Les saisines directes par un Premier ministre sont relativement rares sous la Ve République : une trentaine de cas seulement sur plusieurs centaines, en ce qui concerne les lois ordinaires.
Dans le cas des retraites, Élisabeth Borne avait intérêt à saisir elle-même directement le Conseil, malgré les recours distincts déposés par les oppositions. L’objectif est de montrer patte blanche, de faire part de sa volonté que ce texte, très controversé, soit examiné dans les meilleurs délais. Le Conseil a été saisi de l’ensemble de la réforme par le gouvernement.
Référendum d’initiative partagée ?
Les recours de la gauche et du Rassemblement national visent eux particulièrement le véhicule législatif utilisé, qui a restreint à 50 jours l’examen du texte au Parlement, altérant, selon eux, la clarté et la sincérité des débats.

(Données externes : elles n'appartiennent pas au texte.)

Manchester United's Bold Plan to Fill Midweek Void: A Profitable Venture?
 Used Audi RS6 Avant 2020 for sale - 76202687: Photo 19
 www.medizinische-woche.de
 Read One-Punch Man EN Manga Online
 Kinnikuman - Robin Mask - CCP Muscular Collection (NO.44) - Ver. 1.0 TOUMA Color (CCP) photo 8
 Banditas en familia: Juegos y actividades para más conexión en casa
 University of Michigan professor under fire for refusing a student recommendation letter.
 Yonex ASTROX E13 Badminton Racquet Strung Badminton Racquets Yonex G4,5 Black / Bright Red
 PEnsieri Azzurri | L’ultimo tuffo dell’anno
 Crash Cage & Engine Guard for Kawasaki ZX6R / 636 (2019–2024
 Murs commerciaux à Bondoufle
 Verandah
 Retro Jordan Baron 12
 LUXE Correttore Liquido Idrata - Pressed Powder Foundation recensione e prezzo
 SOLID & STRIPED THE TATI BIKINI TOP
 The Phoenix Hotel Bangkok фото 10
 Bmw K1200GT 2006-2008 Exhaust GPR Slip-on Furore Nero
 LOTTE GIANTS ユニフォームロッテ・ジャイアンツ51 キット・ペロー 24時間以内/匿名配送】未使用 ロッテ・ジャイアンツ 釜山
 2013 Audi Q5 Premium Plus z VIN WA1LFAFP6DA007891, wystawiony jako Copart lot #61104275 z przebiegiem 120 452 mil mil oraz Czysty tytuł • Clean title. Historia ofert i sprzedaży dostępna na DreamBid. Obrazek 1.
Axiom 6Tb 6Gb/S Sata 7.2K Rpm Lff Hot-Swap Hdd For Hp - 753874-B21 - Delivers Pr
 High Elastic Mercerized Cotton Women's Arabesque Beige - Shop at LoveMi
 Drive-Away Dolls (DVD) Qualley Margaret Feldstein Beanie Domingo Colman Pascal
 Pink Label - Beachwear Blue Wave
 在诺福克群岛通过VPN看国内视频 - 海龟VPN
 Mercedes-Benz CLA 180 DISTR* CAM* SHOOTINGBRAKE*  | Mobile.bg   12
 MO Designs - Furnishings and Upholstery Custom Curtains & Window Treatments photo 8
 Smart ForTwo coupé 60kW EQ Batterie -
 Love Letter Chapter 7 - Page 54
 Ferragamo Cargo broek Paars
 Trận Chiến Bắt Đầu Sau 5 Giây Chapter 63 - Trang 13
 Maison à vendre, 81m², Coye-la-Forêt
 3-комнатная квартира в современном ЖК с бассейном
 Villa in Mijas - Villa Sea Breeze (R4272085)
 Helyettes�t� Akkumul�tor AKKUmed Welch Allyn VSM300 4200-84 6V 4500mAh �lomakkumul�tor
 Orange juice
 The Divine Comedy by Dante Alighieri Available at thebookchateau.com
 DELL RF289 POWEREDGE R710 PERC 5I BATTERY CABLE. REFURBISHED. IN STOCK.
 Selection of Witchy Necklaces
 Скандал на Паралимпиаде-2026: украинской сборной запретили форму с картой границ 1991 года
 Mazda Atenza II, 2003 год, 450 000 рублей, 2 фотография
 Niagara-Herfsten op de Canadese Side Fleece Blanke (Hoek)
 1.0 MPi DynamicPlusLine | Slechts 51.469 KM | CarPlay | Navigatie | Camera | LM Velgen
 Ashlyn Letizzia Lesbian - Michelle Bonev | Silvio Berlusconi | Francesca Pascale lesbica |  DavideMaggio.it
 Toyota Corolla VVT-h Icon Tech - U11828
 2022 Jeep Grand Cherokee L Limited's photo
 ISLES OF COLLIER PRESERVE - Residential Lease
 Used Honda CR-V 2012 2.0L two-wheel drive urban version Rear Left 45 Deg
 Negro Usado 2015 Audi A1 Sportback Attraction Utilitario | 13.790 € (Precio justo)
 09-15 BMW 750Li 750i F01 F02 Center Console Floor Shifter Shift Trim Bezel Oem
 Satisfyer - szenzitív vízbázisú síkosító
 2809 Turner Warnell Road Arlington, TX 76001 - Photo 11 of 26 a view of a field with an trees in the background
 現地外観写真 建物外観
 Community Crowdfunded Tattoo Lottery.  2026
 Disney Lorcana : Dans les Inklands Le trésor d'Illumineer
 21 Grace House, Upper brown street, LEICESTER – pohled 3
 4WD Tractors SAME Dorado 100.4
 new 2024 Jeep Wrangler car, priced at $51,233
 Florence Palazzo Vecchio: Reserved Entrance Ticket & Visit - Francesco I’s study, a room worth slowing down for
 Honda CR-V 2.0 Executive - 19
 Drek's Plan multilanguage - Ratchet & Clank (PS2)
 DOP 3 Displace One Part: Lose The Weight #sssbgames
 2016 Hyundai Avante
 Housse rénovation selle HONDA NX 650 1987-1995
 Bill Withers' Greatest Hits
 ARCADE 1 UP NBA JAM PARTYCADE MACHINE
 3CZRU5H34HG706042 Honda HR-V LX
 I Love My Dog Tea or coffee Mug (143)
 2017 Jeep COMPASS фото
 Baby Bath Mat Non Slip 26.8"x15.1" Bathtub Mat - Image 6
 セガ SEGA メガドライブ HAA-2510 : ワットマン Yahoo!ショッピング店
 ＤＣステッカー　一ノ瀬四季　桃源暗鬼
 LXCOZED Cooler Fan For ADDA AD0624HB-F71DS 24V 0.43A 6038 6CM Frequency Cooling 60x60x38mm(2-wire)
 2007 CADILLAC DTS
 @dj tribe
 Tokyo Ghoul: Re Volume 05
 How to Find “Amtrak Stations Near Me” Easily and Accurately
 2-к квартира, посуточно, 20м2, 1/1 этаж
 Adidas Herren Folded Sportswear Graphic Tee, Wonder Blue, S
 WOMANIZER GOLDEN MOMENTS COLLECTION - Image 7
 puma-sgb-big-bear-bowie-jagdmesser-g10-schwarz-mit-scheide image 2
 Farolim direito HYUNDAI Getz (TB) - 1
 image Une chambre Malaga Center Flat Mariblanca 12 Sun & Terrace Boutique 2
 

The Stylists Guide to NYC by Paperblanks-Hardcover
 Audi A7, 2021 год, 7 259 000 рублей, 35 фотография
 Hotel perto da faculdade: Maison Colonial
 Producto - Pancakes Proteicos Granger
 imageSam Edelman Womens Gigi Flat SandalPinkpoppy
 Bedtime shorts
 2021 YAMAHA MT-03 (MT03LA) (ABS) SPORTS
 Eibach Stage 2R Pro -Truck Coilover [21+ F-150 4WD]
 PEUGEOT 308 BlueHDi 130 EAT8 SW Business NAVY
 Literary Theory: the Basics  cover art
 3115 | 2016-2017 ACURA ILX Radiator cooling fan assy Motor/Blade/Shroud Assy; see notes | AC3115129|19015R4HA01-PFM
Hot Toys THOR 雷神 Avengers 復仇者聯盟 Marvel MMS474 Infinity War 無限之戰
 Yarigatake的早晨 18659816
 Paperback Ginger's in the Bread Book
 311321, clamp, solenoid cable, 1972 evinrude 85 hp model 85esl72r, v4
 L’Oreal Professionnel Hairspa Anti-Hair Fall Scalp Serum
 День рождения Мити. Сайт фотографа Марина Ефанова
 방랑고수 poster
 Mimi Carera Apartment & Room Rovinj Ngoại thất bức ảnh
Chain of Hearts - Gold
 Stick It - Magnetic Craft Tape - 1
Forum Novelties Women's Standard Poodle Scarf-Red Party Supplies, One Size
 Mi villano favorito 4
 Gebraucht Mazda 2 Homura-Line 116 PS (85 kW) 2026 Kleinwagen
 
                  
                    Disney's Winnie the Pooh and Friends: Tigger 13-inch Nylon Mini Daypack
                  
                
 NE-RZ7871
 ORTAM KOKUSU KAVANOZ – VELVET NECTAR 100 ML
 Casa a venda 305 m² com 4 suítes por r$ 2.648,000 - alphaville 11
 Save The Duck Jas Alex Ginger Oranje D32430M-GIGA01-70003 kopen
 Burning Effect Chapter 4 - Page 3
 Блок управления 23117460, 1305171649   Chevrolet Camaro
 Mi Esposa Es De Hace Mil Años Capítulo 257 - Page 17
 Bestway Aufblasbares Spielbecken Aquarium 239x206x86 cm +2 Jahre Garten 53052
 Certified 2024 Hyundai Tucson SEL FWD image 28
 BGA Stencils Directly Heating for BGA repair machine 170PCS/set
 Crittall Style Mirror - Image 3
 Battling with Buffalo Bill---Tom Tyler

Les neuf Sages doivent en parallèle examiner la recevabilité de la proposition de loi déposée par la gauche qui demande un référendum d’initiative partagée (RIP).
Quelque 250 députés et sénateurs demandent de soumettre à référendum le fait que le départ à la retraite ne puisse « être fixé au-delà de soixante-deux ans ». Puis pourrait s’ouvrir le recueil des signatures citoyennes, afin de tenter d’atteindre un dixième des électeurs, soit 4,87 millions de signatures, dans un délai de neuf mois, pour ouvrir la voie à cette consultation.
Attention, le gouvernement peut toujours décider d’inscrire à l’ordre du jour de l’Assemblée cette proposition de loi. Elle sera alors examinée par les députés et Emmanuel Macron ne sera plus tenu à un référendum. L’examen par le Conseil constitutionnel de la proposition de loi sur ce RIP et une éventuelle organisation d’une telle consultation ne suspendent absolument pas la promulgation du texte sur les retraites.